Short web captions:
####################
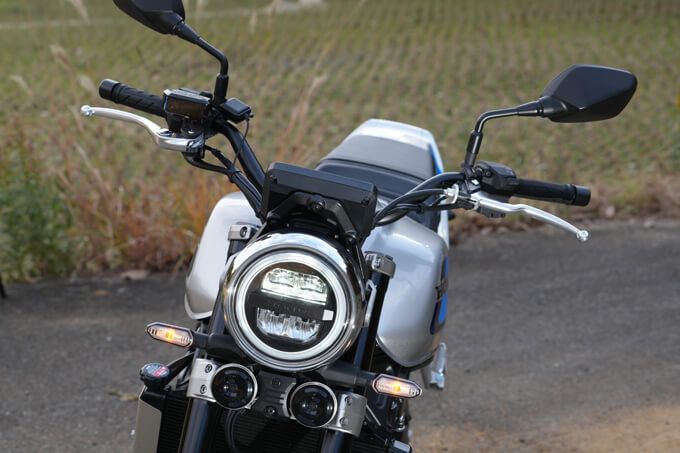 【ホンダ CB1000F 試乗記】待っていた甲斐のある完成度にメロメロ！！　13画像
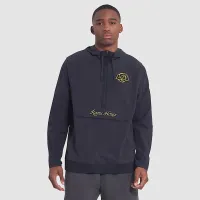 Los Angeles Rams Rivalries Collection Sideline Anorak чоловічі Nike NFL 1/2-Zip Hooded Куртка блакитний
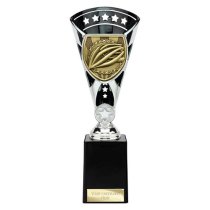 Cobra Star Cycling Trophy | Black & Silver | 255mm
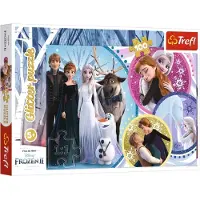 Disney 100 Glitter Frozen 2 Puzzle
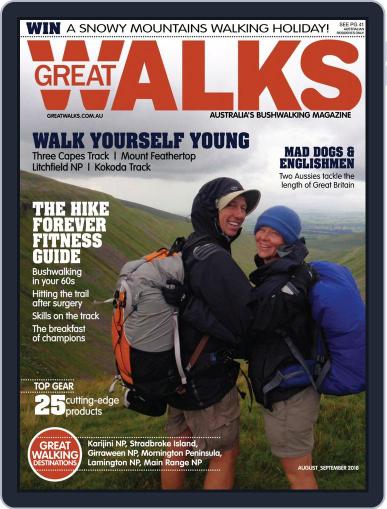 Great Walks August 1st, 2018 Digital Back Issue Cover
####################
Activity: Write out exactly the lines between the start of the data and the line with "Disney 100 Glitter Frozen 2 Puzzle", including both, but none of the pictures.

Result of the exercise:
 【ホンダ CB1000F 試乗記】待っていた甲斐のある完成度にメロメロ！！　13画像
 Los Angeles Rams Rivalries Collection Sideline Anorak чоловічі Nike NFL 1/2-Zip Hooded Куртка блакитний
 Cobra Star Cycling Trophy | Black & Silver | 255mm
 Disney 100 Glitter Frozen 2 Puzzle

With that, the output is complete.